**Task:** The reply should hold only the lines below beginning at the one with "1960 Scott #1139" and ending at the one with "Atmosphere pollution with", copied exactly, with every picture left out.

Web page caption snippets

○ ○ ○ ○ ○

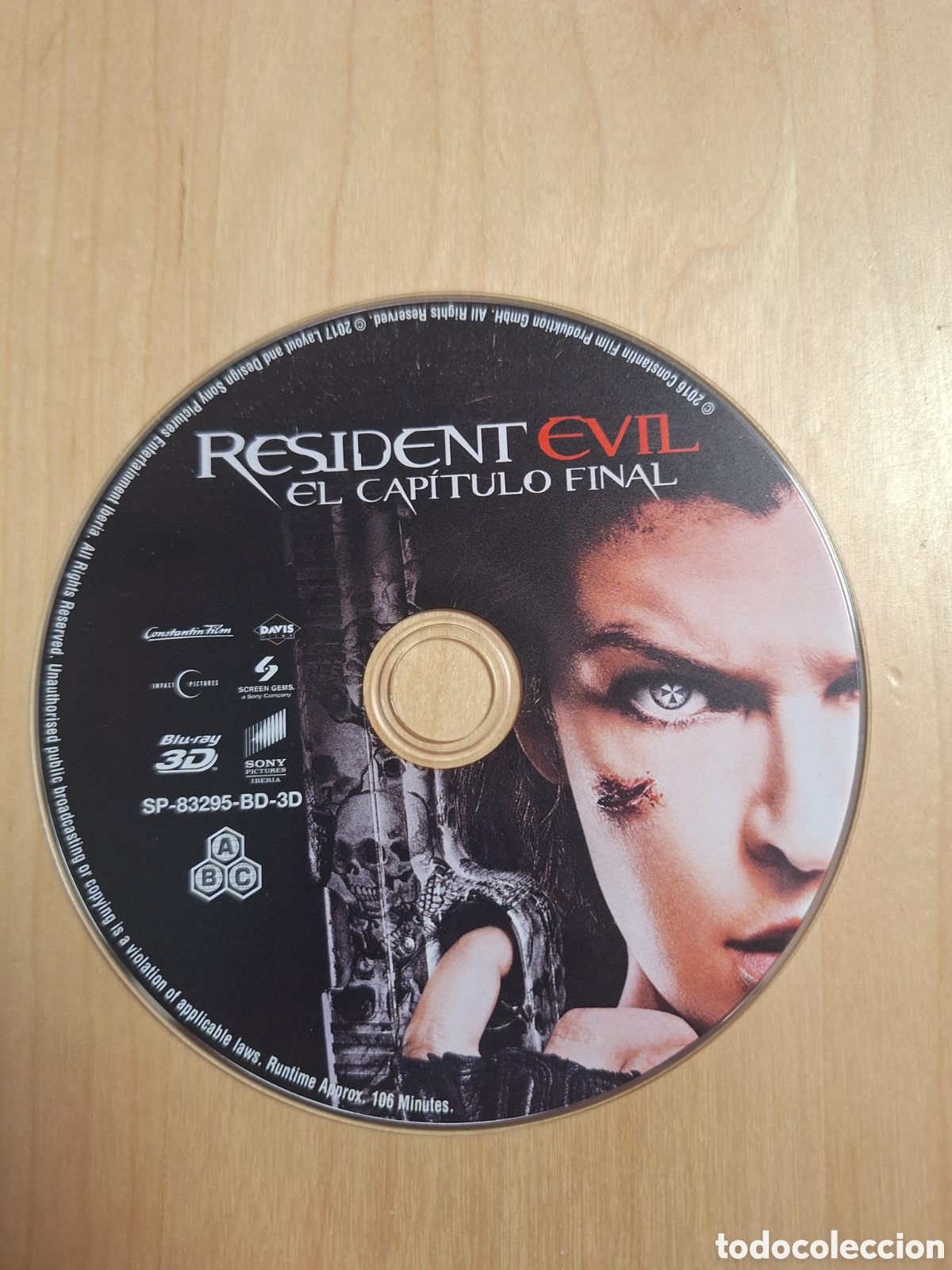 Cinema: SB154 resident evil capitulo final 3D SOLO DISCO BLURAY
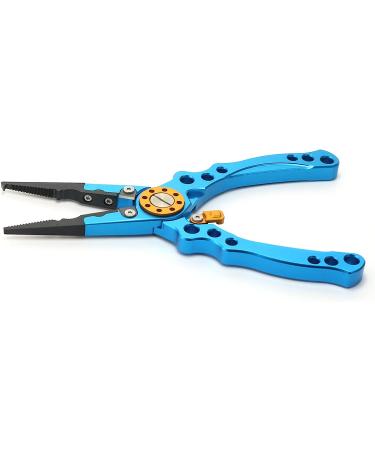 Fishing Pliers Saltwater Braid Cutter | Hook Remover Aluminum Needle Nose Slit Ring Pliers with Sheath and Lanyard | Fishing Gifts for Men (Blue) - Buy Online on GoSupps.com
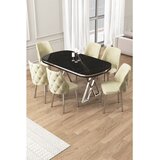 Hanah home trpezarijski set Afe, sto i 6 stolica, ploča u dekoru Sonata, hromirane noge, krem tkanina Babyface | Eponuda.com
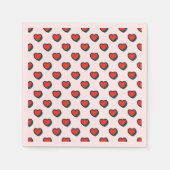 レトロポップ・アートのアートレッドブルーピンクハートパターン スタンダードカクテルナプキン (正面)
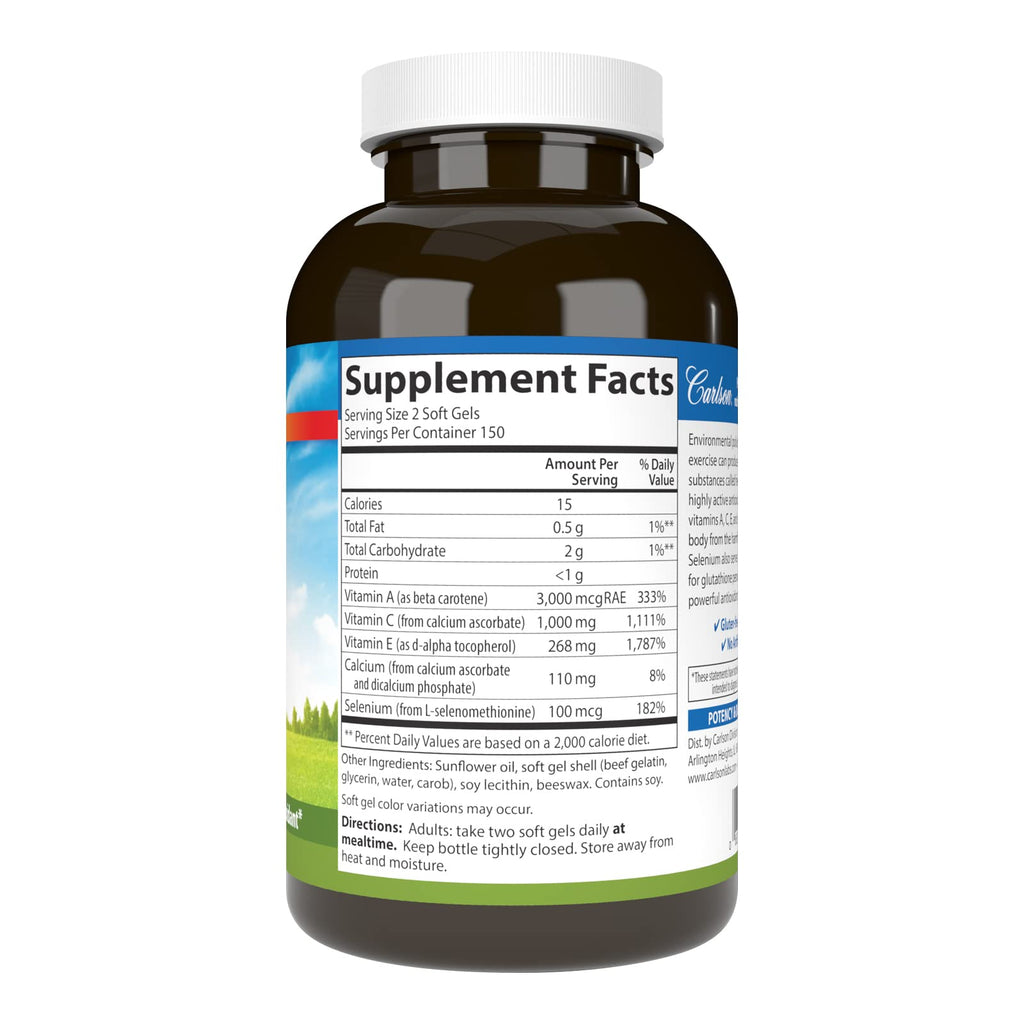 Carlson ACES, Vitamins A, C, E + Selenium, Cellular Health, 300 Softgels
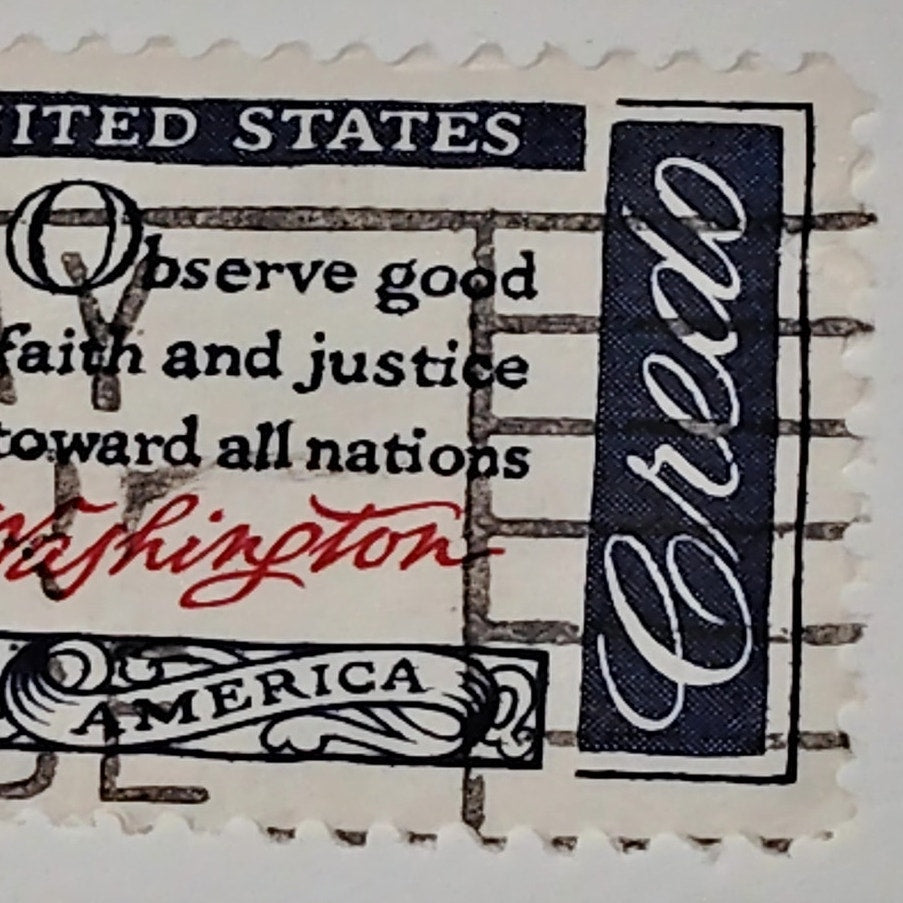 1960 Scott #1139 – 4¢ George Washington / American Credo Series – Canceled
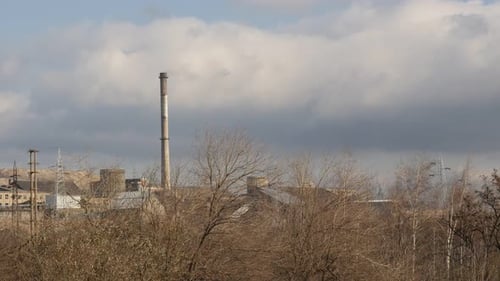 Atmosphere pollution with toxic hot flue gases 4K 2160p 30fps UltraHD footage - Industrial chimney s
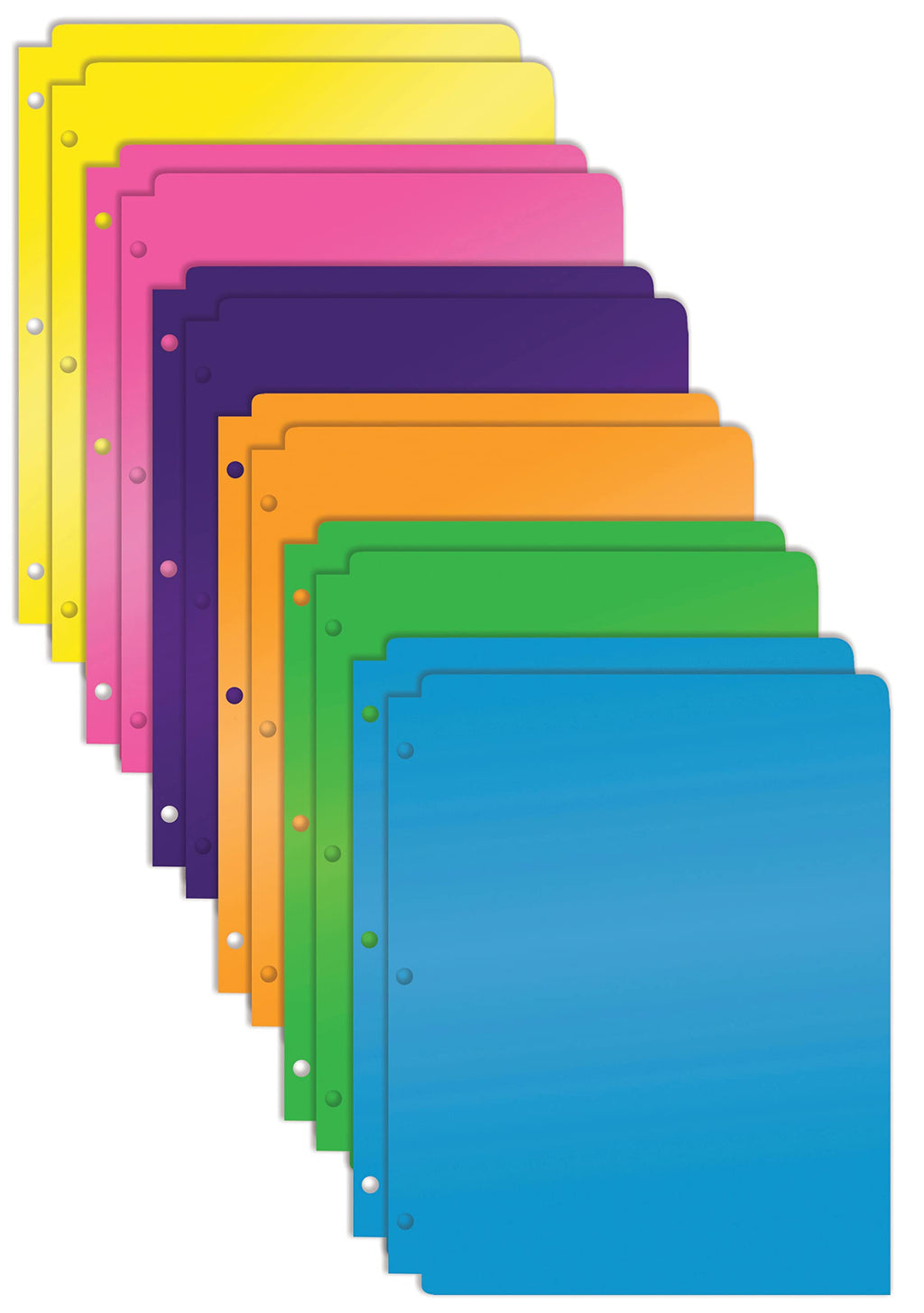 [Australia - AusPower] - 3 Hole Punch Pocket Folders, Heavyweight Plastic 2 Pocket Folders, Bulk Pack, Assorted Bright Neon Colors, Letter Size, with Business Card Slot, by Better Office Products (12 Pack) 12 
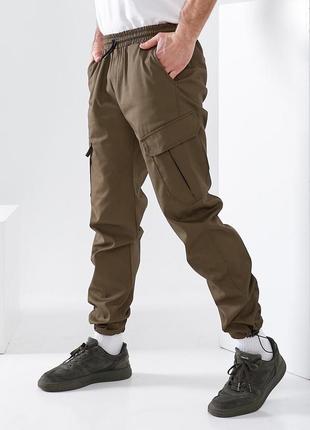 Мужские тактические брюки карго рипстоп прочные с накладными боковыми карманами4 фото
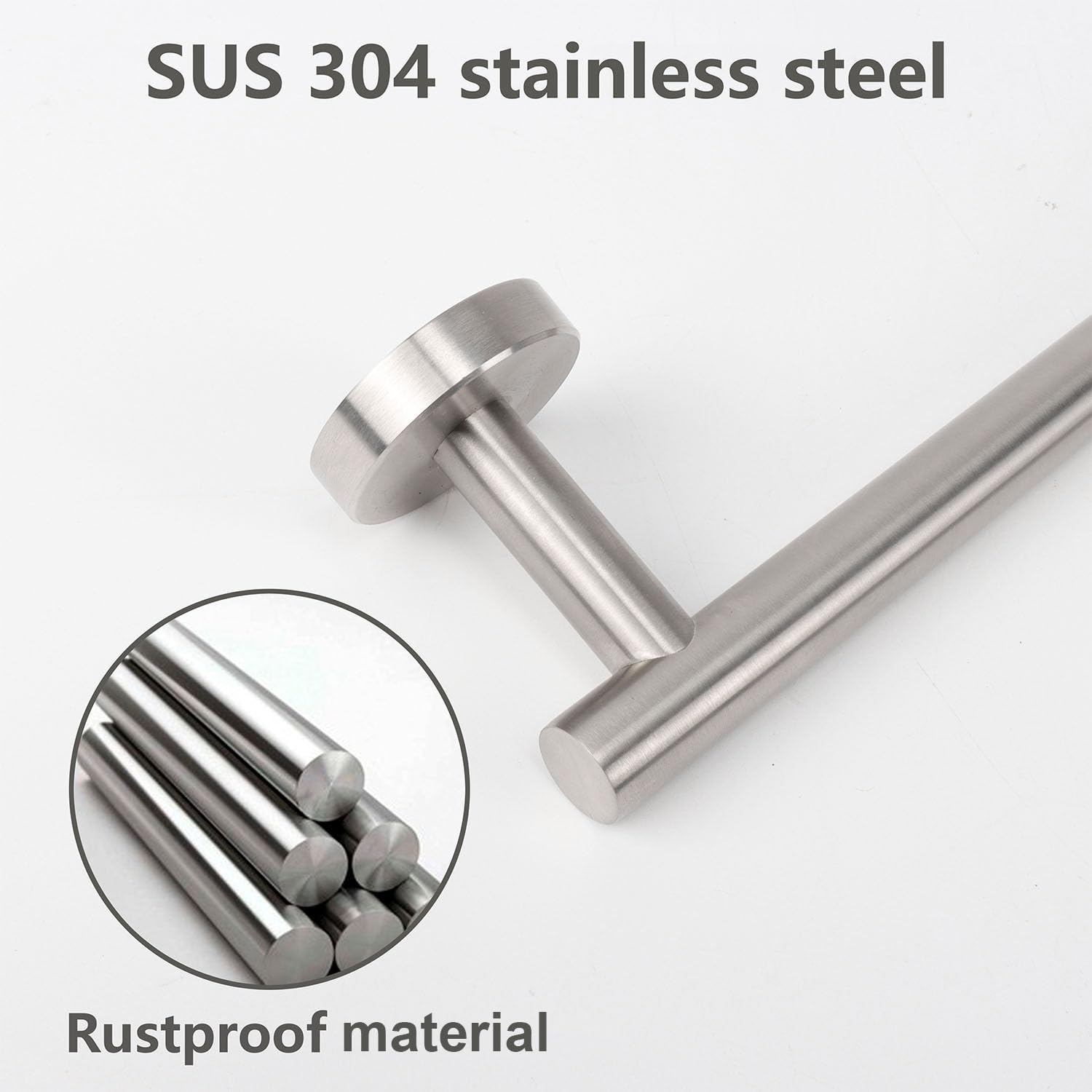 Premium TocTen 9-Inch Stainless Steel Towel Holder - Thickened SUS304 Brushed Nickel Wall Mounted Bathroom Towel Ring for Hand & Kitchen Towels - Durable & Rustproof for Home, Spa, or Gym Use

○ ○ ○ ○ ○

**Response for this exercise:**
 1960 Scott #1139 – 4¢ George Washington / American Credo Series – Canceled
 Atmosphere pollution with toxic hot flue gases 4K 2160p 30fps UltraHD footage - Industrial chimney s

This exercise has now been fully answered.